Jim Jarmusch: A Trip down the Rabbit Hole
In an exclusive interview with The Skinny, cult filmmaker Jim Jarmusch discusses his mysterious new film The Limits of Control, his latest musical project Bad Rabbit, and why exploring our consciousness is an 'inalienable right'
Tom Waits famously said in an interview with the New York Times that ''The key… to Jim [Jarmusch], is that he went gray when he was 15. As a result, he always felt like an immigrant in the teenage world. He's been an immigrant … ever since. And all his films are about that.'' From his debut feature Permanent Vacation (1980) to his latest unexplained creation The Limits of Control, there’s no denying that Jarmusch has always shown sympathy for the outsider. Taking up an unwavering position on the margins of American cinema the filmmaker has made some of the most distinctive features of the last 30 years. He has fused his appreciation of European arthouse with a love of American counter-culture to produce such memorable films as Down By Law (1986) featuring the aforementioned Mr Waits and musician John Lurie; the Memphis-set Mystery Train (1989) that follows three interconnected stories imbued with the spirit of Elvis; the gangster-samurai feature Ghost Dog (1999), and most recently Broken Flowers (2005) where a ‘Don Juan’ Bill Murray takes a look back at his failed love life.

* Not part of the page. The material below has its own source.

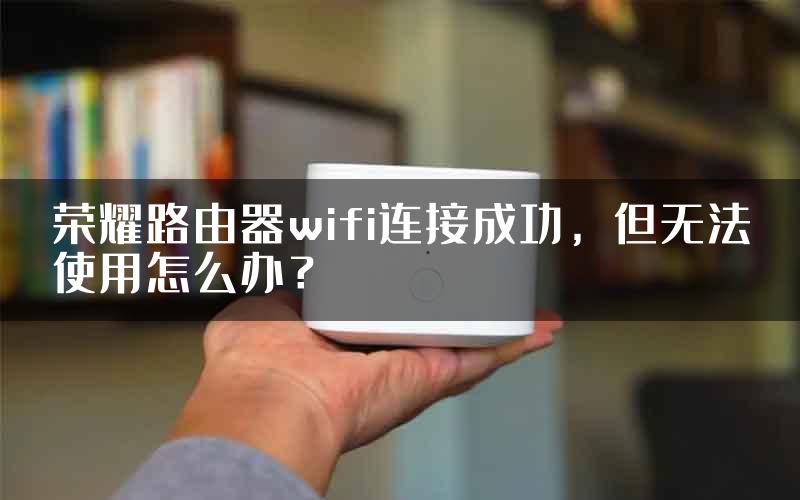 荣耀路由器wifi连接成功，但无法使用怎么办？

The Limits of Control shows Jarmusch at his most daring yet and is without doubt a departure from his last feature (although Bill Murray again makes an appearance). Ostensibly a thriller, the film is far less interested in plot details than in creating a specific atmosphere, rhythm and aesthetic. We are taken on a journey across Spain with an unnamed man (Isaach De Bankolé) who meets with various characters (played by Tilda Swinton, John Hurt and Gael Garcia Bernal) who provide him with cryptic instructions to progress his mission. Not all critics have applauded the film, perhaps because it is a deliberate attempt on Jarmusch’s part to challenge the usual expectations that cinemagoers have. For this reason The Limits of Control is more comprehensible when embraced as an experience, akin to the works of David Lynch. For this reason Jarmusch believes that one of the most important elements to the film is its soundtrack and, giving an insight into both the nature of the film and the role of the music, he refers to it as “a mix-tape to take you through the mirror and down the rabbit hole”. Expect to be plunged head-first into Wonderland.
You’ve described The Limits of Control as a puzzle: how much should we be looking for some sort of narrative explanation from this film?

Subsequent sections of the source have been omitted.